Azadeh Kian, socióloga franco-iraniana, especialista em Estado e sociedade no mundo árabe na Université Diderot-Paris VII e Diretora do Centro de Ensino, Estudos e Pesquisa para Estudos Feministas, CEDREF, na França, diz que os ataques modificaram o olhar do governo e de uma parte da opinião pública sobre os muçulmanos. “Eles começaram a ser vistos como terroristas potenciais e o Islã cada vez mais como uma religião violenta e essencialmente oposta aos valores ocidentais.”
Carlos Latuff/Opera Mundi
No entanto, o historiador lembra que a França já havia vivenciado ataques terroristas muito antes e, por isso, teria recebido com menos intensidade a onda de medo que se espalhou pelo mundo. Em 1986, o atentado do Hezbollah libanês, da rua de Rennes, em Paris, foi o primeiro de caráter islamista. Nove anos mais tarde, extremistas islâmicos argelinos atacaram a estação Saint-Michel, também na capital francesa. Esses eventos seriam um dos precursores da discriminação no país europeu.

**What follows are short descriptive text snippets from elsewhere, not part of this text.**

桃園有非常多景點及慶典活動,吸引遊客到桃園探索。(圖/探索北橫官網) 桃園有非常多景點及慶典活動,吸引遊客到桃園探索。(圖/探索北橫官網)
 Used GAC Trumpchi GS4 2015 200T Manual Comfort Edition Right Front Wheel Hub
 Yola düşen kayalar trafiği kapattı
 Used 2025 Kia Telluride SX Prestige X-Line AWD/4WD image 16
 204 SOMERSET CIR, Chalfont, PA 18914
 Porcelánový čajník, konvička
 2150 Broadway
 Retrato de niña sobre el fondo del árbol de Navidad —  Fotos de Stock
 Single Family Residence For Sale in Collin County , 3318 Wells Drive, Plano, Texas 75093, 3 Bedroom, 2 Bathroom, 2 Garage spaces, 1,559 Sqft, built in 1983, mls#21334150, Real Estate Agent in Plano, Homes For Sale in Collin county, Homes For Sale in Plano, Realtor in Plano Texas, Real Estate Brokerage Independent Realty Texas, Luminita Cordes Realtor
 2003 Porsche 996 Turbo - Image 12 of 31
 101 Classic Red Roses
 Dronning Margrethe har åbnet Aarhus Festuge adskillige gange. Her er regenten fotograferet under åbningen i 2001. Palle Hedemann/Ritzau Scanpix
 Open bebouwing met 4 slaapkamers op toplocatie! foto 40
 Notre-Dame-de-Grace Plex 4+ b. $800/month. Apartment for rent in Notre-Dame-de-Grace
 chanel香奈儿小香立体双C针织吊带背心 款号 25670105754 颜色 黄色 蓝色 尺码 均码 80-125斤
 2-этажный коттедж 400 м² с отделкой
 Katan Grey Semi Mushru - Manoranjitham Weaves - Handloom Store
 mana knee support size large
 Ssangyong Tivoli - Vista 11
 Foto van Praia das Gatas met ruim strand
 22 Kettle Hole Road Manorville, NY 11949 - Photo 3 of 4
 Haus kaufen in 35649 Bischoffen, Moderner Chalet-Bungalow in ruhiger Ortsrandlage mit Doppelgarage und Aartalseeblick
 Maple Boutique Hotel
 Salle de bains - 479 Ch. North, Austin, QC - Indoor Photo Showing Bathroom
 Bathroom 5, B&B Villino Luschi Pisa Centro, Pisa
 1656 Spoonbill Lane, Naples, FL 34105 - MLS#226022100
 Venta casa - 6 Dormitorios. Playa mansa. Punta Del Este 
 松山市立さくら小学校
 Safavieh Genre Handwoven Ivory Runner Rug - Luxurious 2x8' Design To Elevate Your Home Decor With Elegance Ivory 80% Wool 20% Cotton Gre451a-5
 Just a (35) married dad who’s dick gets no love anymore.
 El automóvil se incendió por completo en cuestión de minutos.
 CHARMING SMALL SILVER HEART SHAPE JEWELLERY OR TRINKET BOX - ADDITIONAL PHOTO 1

“O que muda com o acontecido na maior potência mundial é que o terrorismo passa a ser sentido como uma ameaça global. O Islã fundamentalista se torna mundial com a ascensão da Al-Qaeda como organismo internacional, ao invés de estar ligado apenas a determinados grupos por questões relacionadas, por exemplo, ao passado colonial da França”, afirma Kian.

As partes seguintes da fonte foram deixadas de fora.